Description
La Glucose Oxydase est une oxydoréductase qui catalyse l'oxydation du bêta-D-glucose par l'oxygène moléculaire, produisant de la D-glucono-1,5-lactone (qui s'hydrolyse spontanément en acide gluconique) et du peroxyde d'hydrogène. C'est le fondement des applications de piégeage d'oxygène, d'élimination du glucose et des biocapteurs dans l'alimentation.
Poudre fluide blanc cassé à jaune clair, ou liquide ambré pour dosage en ligne. L'activité est normalisée en unités Sigma ou en unités Glucose Oxydase spécifiques au fournisseur, définies par rapport à un substrat de bêta-D-glucose à pH 5,1 et 35 degrés Celsius.
Nous fournissons de la Glucose Oxydase de qualité alimentaire issue de fabricants chinois titulaires des certifications ISO 22000, Halal, Kosher et autres pertinentes au produit et à la production. Aspergillus niger et Penicillium chrysogenum sont les organismes sources dominants, les souches d'Aspergillus modifiées prédominant dans l'approvisionnement industriel moderne.
Les qualités courantes du marché comprennent la qualité alimentaire standard 10 000 U/g pour le renforcement de la pâte boulangère, 50 000 U/g concentrée pour le dosage en ligne des boissons, 100 000 U/g de haute pureté pour le traitement du blanc d'œuf et la fabrication de biocapteurs analytiques, ainsi que des préparations combinées glucose oxydase plus catalase pour la neutralisation du peroxyde d'hydrogène dans des systèmes en une étape.

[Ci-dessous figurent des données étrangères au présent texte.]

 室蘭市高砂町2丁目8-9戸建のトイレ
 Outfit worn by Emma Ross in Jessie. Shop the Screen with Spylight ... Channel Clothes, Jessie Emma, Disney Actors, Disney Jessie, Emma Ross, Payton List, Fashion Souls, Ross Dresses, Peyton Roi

Expéditions en vrac et lots à MOQ réduit. COA par lot couvrant l'activité, le pH optimal, la température optimale, l'activité secondaire catalase (déclarée), les métaux lourds et la microbiologie.
Introduction
La Glucose Oxydase a été caractérisée pour la première fois dans Aspergillus niger par Detlev Müller en 1928. La production à l'échelle industrielle a atteint sa maturité commerciale dans les années 1960, initialement portée par les marchés de la conservation alimentaire et du diagnostic clinique, et s'est étendue dans les années 1990 lorsque le conditionnement des pâtes boulangères est devenu une application majeure suite à la pression réglementaire sur les oxydants chimiques.
La production industrielle se fait par fermentation submergée de souches d'Aspergillus niger sélectionnées, avec filtration, concentration et formulation en aval. Les préparations modernes se caractérisent par une très faible activité secondaire catalase (ou, dans les produits combinés, par une co-formulation délibérée de catalase), qui détermine si le peroxyde d'hydrogène produit est conservé ou immédiatement décomposé en eau et oxygène.
L'enzyme est reconnue comme généralement sûre (GRAS) par la FDA américaine à partir de souches approuvées d'Aspergillus niger, inscrite au compendium des enzymes du JECFA et approuvée comme auxiliaire technologique dans l'UE. Aucune Dose Journalière Admissible n'est attribuée.
Mécaniquement, la glucose oxydase est une oxydoréductase dépendante du flavine adénine dinucléotide qui prélève deux électrons du bêta-D-glucose et les transfère à l'oxygène moléculaire, générant du peroxyde d'hydrogène. La forte spécificité pour le bêta-D-glucose par rapport aux autres sucres est le fondement des biocapteurs cliniques de glucose et sous-tend les applications sélectives dans les matrices alimentaires complexes.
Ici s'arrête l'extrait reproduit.